Eğitimde FATİH dönemi
Yarıyıl tatili sona yaklaşıp ikinci dönemin hazırlıkları başlarken aslında yepyeni bir döneme de girmiş bulunuyoruz. FATİH projesi kapsamında ilk pilot uygulamalar bu dönem başlamış olacak. Muhtemelen önümüzdeki senelerde de gittikçe yaygınlaşarak eğitim dünyasında yepyeni bir anlayış gelmiş olacak.
80'li yıllarda ilköğretim hayatına ilk önce Almanya'da ikinci sınıftan sonra ise Türkiye'de devam etmiş bir kişi olarak eğitim sistemimizdeki uçurumu bizzat yaşadığımı söyleyebilirim.

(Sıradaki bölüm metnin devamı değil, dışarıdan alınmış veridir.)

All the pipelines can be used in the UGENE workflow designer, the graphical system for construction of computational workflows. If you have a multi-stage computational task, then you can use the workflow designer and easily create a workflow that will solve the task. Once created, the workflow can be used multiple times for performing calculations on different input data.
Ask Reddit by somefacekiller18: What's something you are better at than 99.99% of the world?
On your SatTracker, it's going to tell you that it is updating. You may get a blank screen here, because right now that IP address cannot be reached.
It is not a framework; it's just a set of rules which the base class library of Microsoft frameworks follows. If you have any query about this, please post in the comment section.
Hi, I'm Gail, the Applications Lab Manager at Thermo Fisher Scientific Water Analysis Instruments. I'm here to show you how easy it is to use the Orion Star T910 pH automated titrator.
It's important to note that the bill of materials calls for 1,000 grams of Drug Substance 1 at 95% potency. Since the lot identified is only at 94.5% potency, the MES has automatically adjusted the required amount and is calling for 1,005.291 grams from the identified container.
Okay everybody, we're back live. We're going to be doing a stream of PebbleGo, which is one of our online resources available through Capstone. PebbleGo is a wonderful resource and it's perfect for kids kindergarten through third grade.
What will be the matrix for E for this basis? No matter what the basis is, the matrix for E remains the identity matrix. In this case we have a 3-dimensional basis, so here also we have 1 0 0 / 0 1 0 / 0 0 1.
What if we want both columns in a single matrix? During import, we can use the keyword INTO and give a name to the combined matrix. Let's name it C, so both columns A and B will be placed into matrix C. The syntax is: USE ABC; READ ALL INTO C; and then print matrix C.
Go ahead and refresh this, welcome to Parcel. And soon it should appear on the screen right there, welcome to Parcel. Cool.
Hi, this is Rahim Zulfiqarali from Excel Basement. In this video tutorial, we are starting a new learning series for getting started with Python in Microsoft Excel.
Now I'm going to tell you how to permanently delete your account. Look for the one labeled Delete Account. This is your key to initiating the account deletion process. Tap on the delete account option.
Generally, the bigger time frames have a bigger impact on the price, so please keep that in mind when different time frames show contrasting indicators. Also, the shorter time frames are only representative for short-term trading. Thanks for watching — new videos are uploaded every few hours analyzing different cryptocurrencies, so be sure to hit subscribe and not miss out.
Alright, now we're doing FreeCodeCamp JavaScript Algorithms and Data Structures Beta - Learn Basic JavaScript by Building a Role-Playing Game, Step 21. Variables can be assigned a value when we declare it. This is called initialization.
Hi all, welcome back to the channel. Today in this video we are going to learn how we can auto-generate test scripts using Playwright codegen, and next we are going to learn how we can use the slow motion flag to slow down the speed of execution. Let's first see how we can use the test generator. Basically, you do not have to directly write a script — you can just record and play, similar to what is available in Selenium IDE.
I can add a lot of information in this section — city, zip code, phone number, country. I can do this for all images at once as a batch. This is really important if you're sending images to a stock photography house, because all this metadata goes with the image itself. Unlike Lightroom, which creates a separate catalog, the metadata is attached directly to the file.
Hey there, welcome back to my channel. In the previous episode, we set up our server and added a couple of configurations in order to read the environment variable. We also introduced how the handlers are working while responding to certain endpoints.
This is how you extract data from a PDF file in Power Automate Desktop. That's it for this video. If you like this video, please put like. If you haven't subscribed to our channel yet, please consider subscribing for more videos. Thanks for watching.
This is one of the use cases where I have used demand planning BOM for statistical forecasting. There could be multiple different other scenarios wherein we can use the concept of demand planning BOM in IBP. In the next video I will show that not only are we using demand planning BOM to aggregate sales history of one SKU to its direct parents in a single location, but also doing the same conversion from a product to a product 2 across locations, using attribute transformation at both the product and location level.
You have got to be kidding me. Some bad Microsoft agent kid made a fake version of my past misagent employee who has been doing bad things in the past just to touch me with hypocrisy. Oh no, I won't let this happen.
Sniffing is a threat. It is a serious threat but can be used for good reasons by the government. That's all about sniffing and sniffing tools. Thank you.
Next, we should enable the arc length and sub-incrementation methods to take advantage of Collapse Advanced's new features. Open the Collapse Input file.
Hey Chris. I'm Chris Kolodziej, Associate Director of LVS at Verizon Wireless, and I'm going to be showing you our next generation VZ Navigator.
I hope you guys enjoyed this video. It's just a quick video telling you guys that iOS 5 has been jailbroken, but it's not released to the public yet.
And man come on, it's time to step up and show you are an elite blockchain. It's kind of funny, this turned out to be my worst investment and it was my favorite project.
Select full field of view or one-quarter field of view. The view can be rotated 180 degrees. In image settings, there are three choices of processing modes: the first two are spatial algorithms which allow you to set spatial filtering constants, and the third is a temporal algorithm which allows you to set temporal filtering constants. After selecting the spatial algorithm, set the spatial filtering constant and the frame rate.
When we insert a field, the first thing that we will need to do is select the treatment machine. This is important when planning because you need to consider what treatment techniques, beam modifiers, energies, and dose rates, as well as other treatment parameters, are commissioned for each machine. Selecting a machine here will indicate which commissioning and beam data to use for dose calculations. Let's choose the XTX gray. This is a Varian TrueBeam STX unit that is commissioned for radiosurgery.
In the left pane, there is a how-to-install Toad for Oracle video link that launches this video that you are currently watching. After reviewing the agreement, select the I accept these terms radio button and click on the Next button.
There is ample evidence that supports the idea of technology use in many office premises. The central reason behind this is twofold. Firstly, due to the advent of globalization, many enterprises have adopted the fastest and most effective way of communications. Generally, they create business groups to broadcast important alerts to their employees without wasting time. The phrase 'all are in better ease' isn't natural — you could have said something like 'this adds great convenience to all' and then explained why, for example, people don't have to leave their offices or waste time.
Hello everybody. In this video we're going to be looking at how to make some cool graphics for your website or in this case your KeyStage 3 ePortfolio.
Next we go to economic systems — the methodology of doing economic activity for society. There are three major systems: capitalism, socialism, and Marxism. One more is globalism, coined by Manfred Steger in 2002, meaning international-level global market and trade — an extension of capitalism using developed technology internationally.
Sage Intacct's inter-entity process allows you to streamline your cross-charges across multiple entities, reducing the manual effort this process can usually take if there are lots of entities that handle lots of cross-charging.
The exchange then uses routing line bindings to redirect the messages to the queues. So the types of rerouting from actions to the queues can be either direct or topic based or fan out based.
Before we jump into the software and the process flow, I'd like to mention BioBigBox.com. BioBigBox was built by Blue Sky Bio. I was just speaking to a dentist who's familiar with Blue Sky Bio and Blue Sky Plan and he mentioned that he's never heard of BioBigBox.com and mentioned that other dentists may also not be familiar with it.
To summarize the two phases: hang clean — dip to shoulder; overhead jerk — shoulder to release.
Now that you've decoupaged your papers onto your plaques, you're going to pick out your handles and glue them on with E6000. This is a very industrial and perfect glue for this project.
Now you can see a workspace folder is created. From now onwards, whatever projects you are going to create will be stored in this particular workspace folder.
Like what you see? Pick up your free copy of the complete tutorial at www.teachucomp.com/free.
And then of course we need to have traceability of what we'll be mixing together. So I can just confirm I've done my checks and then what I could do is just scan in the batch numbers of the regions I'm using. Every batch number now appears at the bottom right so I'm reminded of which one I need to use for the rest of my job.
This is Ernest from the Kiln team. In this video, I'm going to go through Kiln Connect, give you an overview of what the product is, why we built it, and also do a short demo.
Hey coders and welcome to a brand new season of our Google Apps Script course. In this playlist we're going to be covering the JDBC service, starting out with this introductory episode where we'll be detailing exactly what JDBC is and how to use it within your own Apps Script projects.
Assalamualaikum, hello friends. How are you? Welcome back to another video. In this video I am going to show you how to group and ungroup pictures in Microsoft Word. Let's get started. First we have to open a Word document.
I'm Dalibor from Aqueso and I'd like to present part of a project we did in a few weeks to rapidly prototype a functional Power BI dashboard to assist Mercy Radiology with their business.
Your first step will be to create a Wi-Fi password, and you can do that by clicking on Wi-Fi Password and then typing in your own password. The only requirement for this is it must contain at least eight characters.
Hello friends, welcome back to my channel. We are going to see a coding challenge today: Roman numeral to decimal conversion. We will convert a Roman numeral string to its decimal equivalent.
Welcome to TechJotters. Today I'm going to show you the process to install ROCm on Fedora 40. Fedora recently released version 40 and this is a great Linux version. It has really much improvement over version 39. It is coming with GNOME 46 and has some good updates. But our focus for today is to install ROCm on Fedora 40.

Makaralı film cihazı ile verilen animasyonları, sınıf içerisindeki modern eğitim materyallerini ve yapılan enteresan eğitim aktivitelerini iki yıl yaşadıktan sonra, tahta silgisinin bir bez parçası olduğu, tebeşirin öğretmen ceplerinde saklandığı, sıraların üzerindeki oyuklara parmakların rahatlıkla girebildiği ve yöneticilerin gözünde en büyük amacın disiplin olduğu bir eğitim ortamına düştüm. Okulun yapısı ile ilgili ilgisizlik o kadar büyüktü ki, şans eseri hayatta kaldığımızı söylemek bile abartı olmaz. Örneğin duvarda yıllardır tamir edilmemiş prizden sarkan kablolara üst sınıfların eğlenmek için bizleri dokundurmalarını halen hatırlarım.
Şimdi yapılan açıklamalara göre eğitim sistemindeki 300 yıllık geri kalmışlık FATİH projesi ile sona erecekmiş. 300 yıl öncesini bilmem ama 80'lerdeki yapıdan kurtuluyorsak, FATİH projesinin en büyük destekçisi olurum.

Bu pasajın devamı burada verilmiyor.